Thursday, March 20, 2008
The Secret Hour
by Scott Westerfeld
Because I recently read a book by him, and they reminded me how much I liked him, I re-read this series again. I LOVE this series.
Like all Westerfeld books I've read so far, they have great tension, are fast-paced, and highly original. They are also peppered with random interesting factoids (he researches his stuff very well, and I love random factoids). I guess the best way to describe his books is with the word "cool." What other word fits them so well?

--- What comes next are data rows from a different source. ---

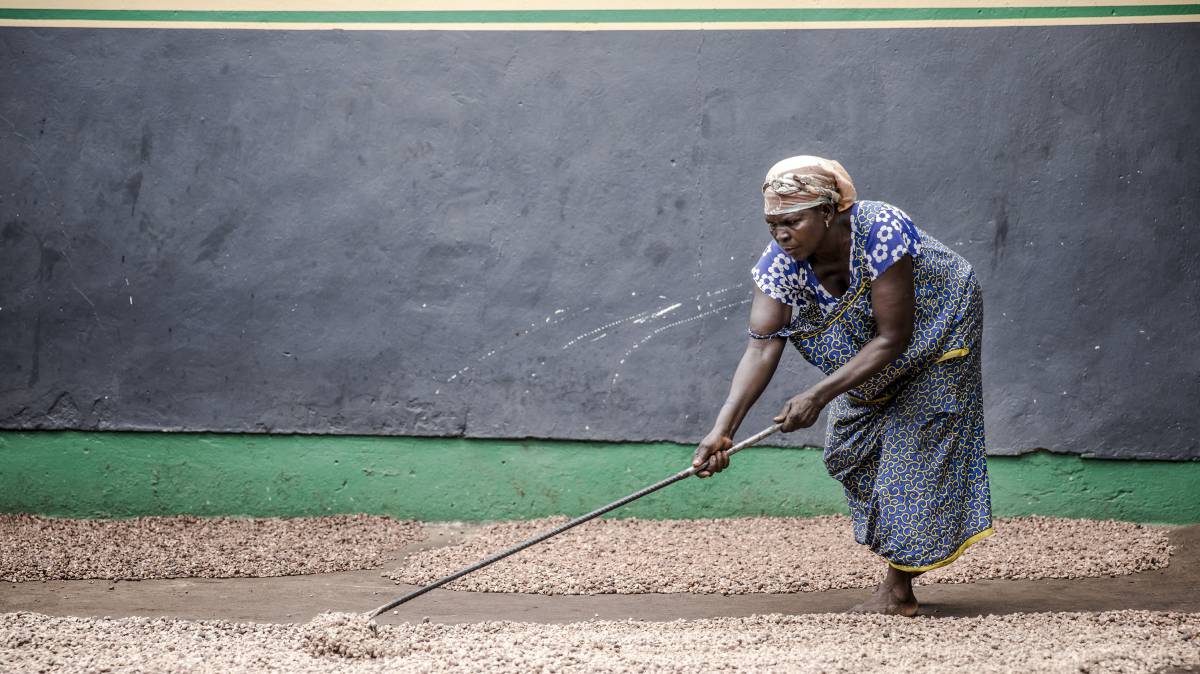 Una mujer seca semillas en Ghana.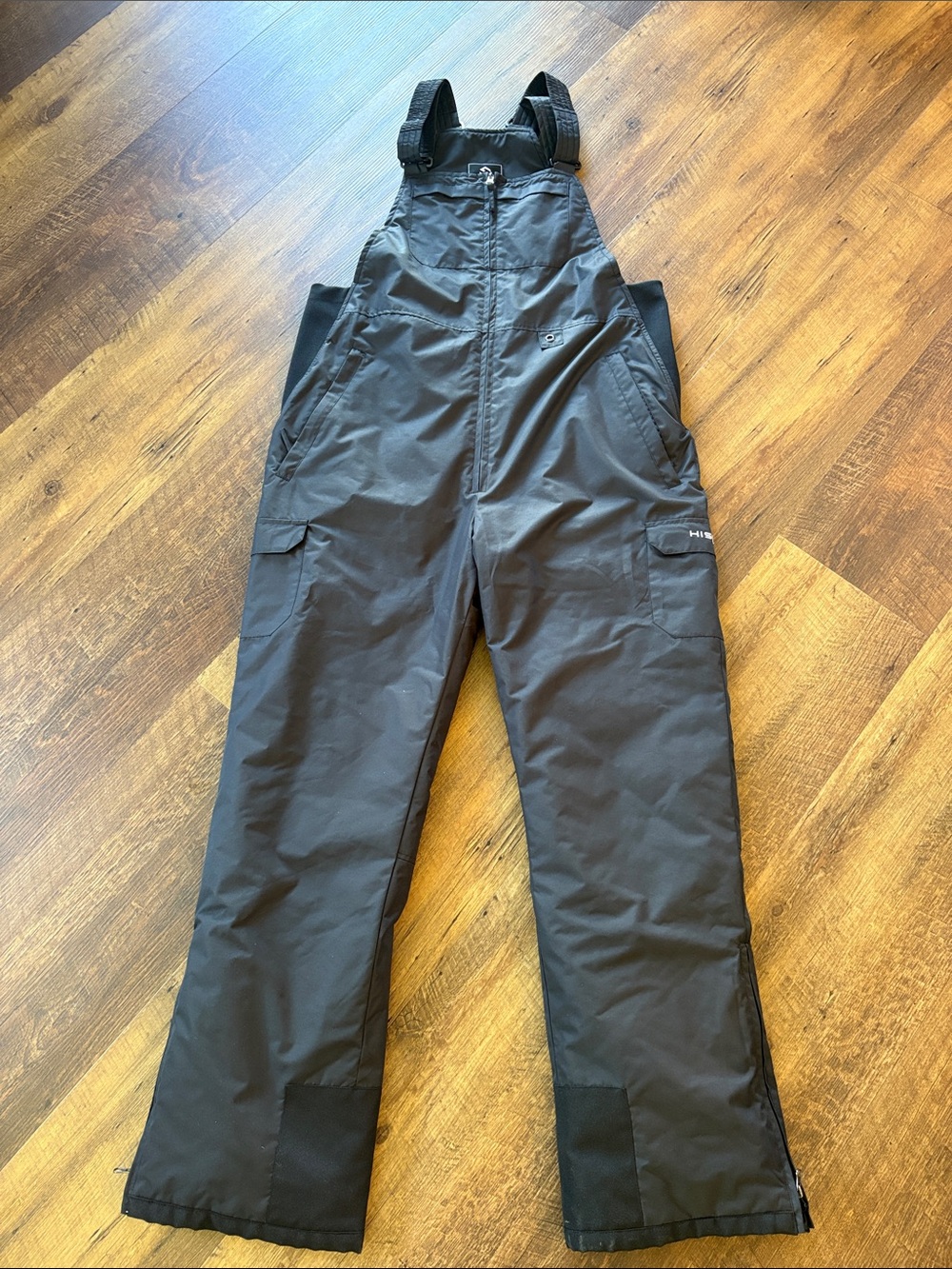 Men's Black Snow Bib Pants with Adjustable Straps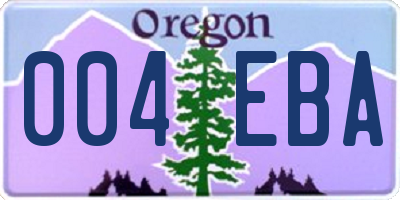 OR license plate 004EBA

Like a lot of his other stuff, this one is YA (the main characters are all teenagers). One of the reasons I love this series especially is because it's all about things that go bump in the night. Quite literally. Great spooky read! (Three of the teenagers in the book are...um...goth-y outcasts, if that means anything to anyone. And there are all sorts of monsters in it.)
The characterization in this series is wonderful, as well. The characters are well-developed and constantly evolving...but I don't want to say anything about any of them—I don't want to spoil the twists of the plot—but...well, it's just cool. Wow, that was vague. Here's one specific: I don't particularly care for math. It was never my best subject, and I always found it a bit boring. Somehow Westerfeld takes math and makes it, not only interesting, but basically into a superpower, and I loved every minute of it. That takes talent.

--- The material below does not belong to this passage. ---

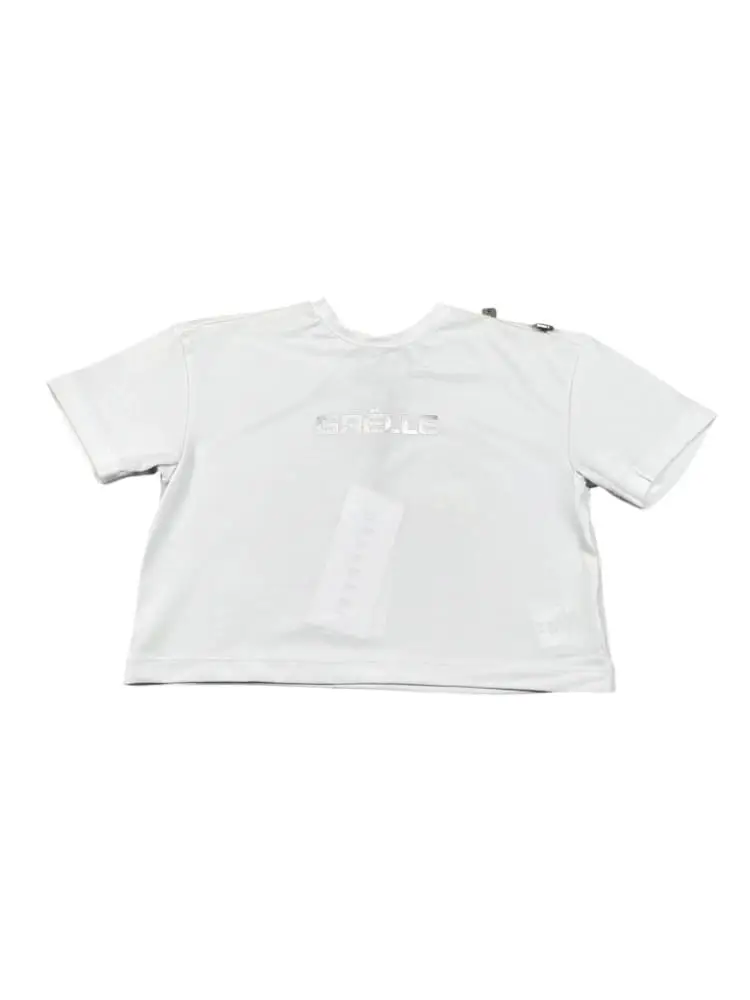 tshirt bianca donna logo sul davanti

One more thing I have to say about this series and Westerfeld's ability to create tension: at the close of the first book, I was left believing the second book would HAVE to be a letdown. After all, where could he go from the tension of the first? How could he create something more exciting and interesting than The Secret Hour? And then I read the second, and was amazed. And then picked up the third book thinking, there's no way he could do that again. No way this one has as much suspense as the last...yet, the third was just as good as the others, if not better.
I hope he does another book for this series sometime. I really want to know what happens next...
Wednesday, March 12, 2008
by P.G. Wodehouse
I had heard of Wodehouse before, but never read anything that he wrote, and never had an idea of what he wrote. If I'd known, I would've picked him up much sooner.
This is the first book I've read of the Bertie Wooster series, and I have to say I enjoyed it. The book is basically a series of short stories about the disasters Bertie and some of his gentlemen friends find themselves in, and how Jeeves, Wooster's brilliant valet, manages to extricate them from their messes. Wooster himself if a pleasant fellow, if not a tad stupid and shallow, which may be why I like him so much.
Light-hearted and humorous, and some of the scenes are just funny—and I'm not sure if it's me taking my time getting used to the author's style and slowly picking up his sense of humor—but they seem to get progressively funnier as you progress through the book, and end with a story finally told from Jeeves' point of view, so you know what's going through that wonderful man's head. I'm glad Wooster somehow managed to get himself in such capable hands.